#### Task inputs
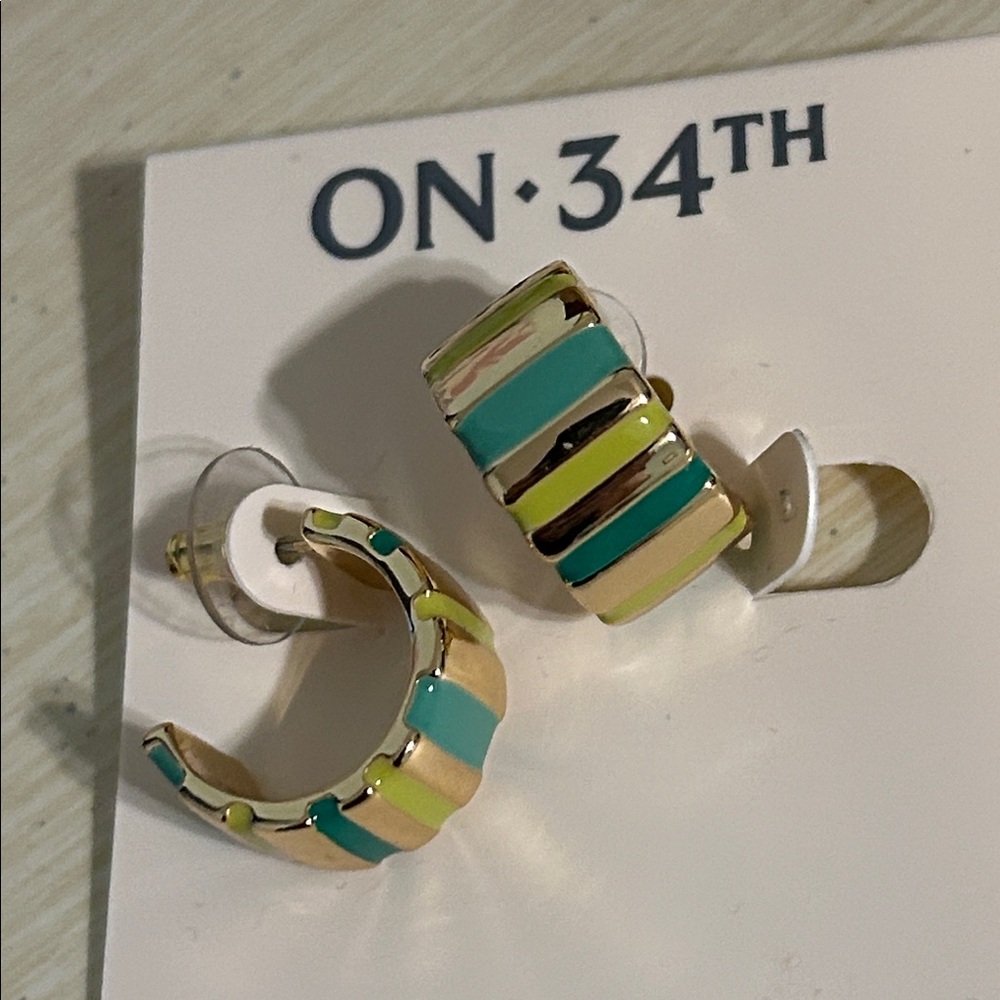 ON 34TH Gold Green Striped Hoop Earrings NEW woman’s jewelry pierced earrings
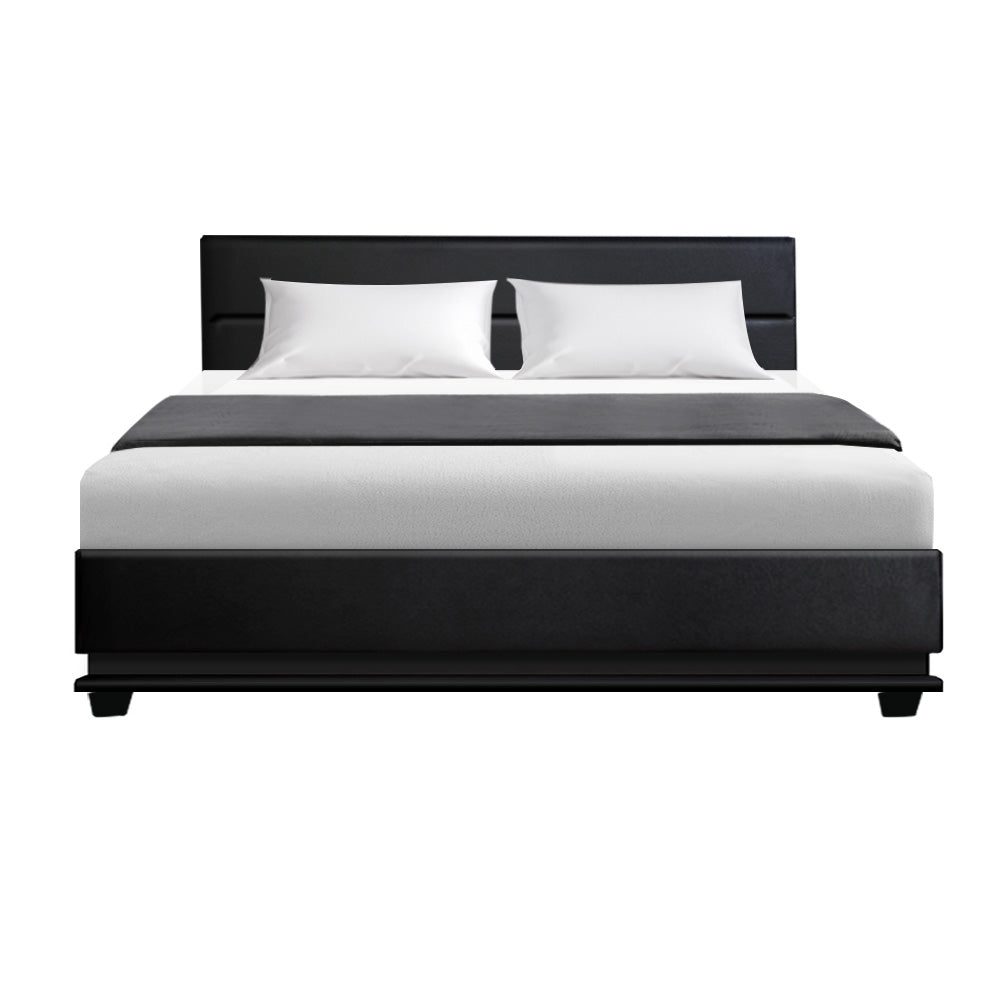 Marlook Bed Frame Queen Size LED Gas Lift Black LUMI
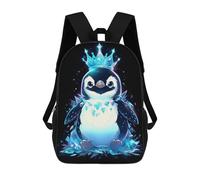 sinyumoney Ice Penguin King Sac À Dos Pour Garçons Et Adolescents, Sacs À Dos Pour Filles, Sacs À Dos Pour Tout-petits, Sacs À Livres Pour L'école Primaire Et Le Collège 17inch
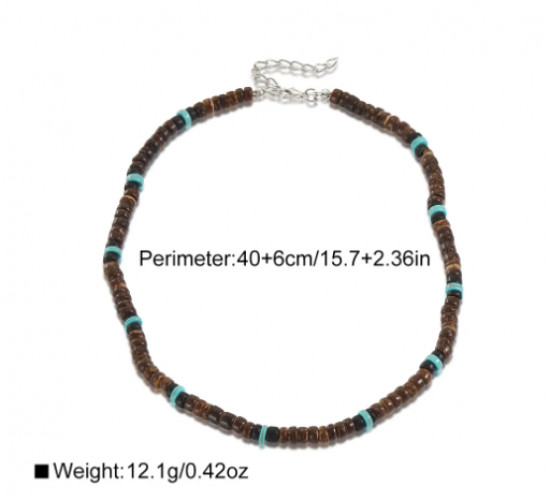 Men’s African Necklace African Beaded Coconut Shell Jewelry Surfer Necklace Gift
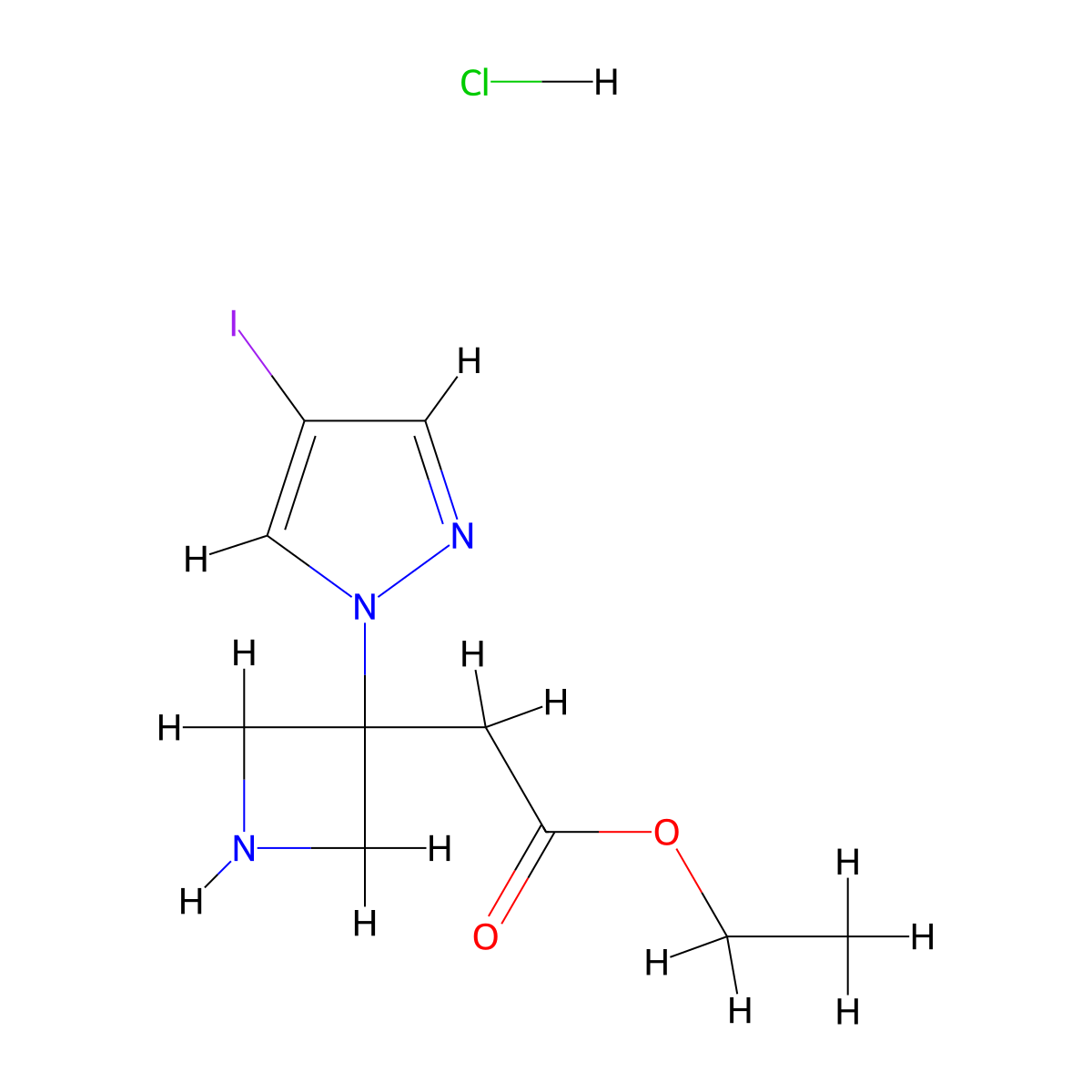 ethyl 2-(3-(4-iodo-1H-pyrazol-1-yl)azetidin-3-yl)acetate hydrochloride molecular structure, CAS 2901105-55-1
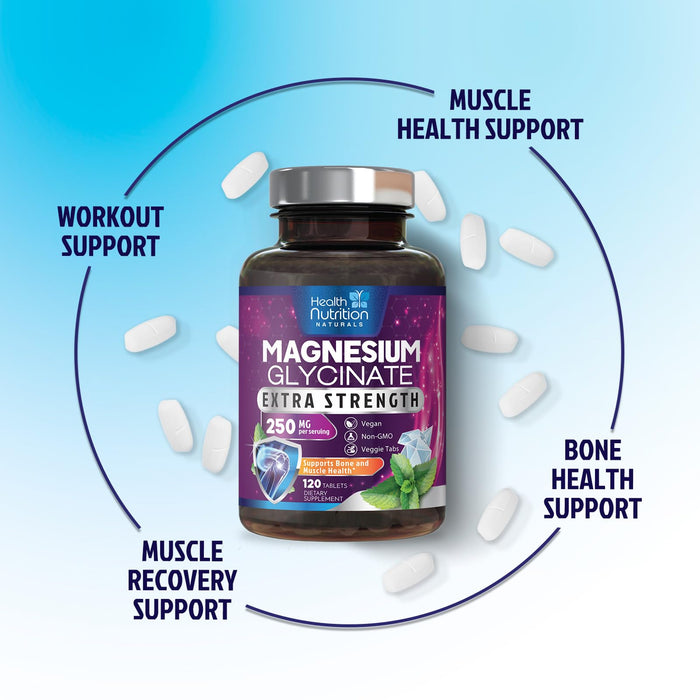 Magnesium Glycinate 250mg - 100% Chelated Magnesium for Max Absorption - Sleep Support, Muscle, Nerves, Bone & Heart Health Support, Best Mag Supplement, Vegan Non-GMO, 3rd Party Tested - 120 Tablets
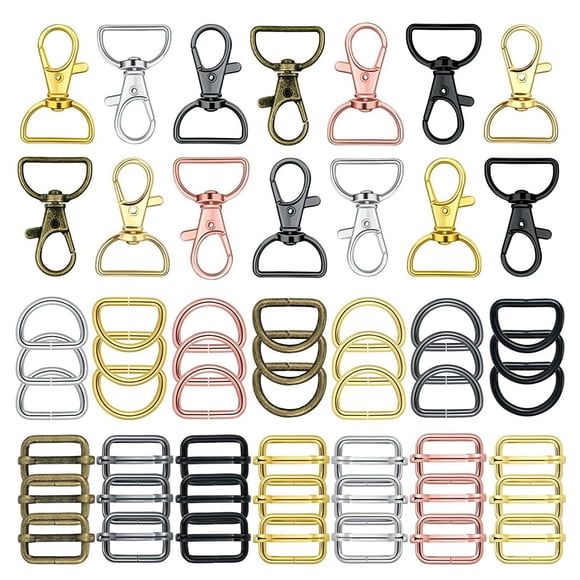 56 Piezas De Herrajes Para Bolsos Con Anillos En D Para Hacer Bolsos DIY Costura Color Mezclado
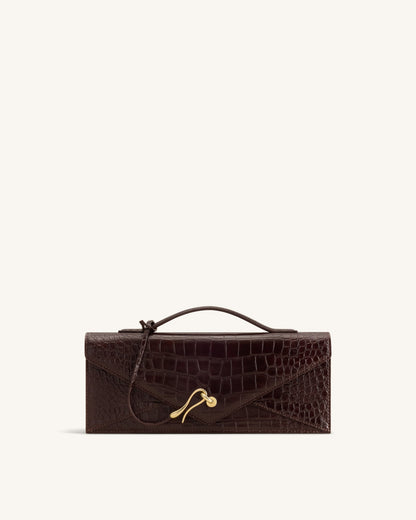 Celeste Envelope Top Handle Bag - Dark Brown Croc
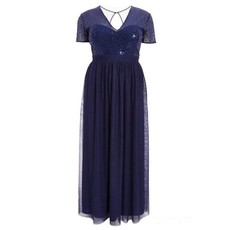 Quiz Ladies Curve Sequin Maxi Dress - Navy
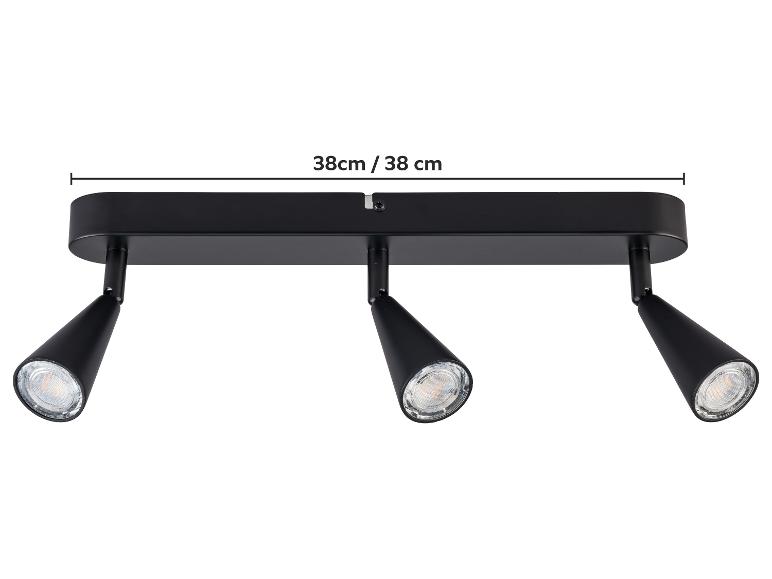 Barre de spots de plafond noire de 38 cm avec trois lumières coniques réglables
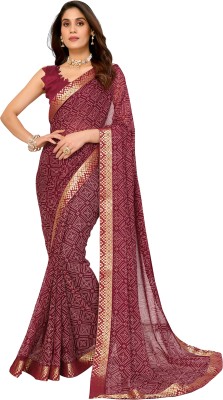 Priyashi Printed Bollywood Georgette, Lace Saree(Maroon)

#### Goal of the exercise
The entries above need to be transcribed exactly, with the images left out.

#### Expected answer
 ON 34TH Gold Green Striped Hoop Earrings NEW woman’s jewelry pierced earrings
 Marlook Bed Frame Queen Size LED Gas Lift Black LUMI
 sinyumoney Ice Penguin King Sac À Dos Pour Garçons Et Adolescents, Sacs À Dos Pour Filles, Sacs À Dos Pour Tout-petits, Sacs À Livres Pour L'école Primaire Et Le Collège 17inch
 Men’s African Necklace African Beaded Coconut Shell Jewelry Surfer Necklace Gift
 ethyl 2-(3-(4-iodo-1H-pyrazol-1-yl)azetidin-3-yl)acetate hydrochloride molecular structure, CAS 2901105-55-1
 Magnesium Glycinate 250mg - 100% Chelated Magnesium for Max Absorption - Sleep Support, Muscle, Nerves, Bone & Heart Health Support, Best Mag Supplement, Vegan Non-GMO, 3rd Party Tested - 120 Tablets
 56 Piezas De Herrajes Para Bolsos Con Anillos En D Para Hacer Bolsos DIY Costura Color Mezclado
 Celeste Envelope Top Handle Bag - Dark Brown Croc
 Quiz Ladies Curve Sequin Maxi Dress - Navy
 Barre de spots de plafond noire de 38 cm avec trois lumières coniques réglables
 Priyashi Printed Bollywood Georgette, Lace Saree(Maroon)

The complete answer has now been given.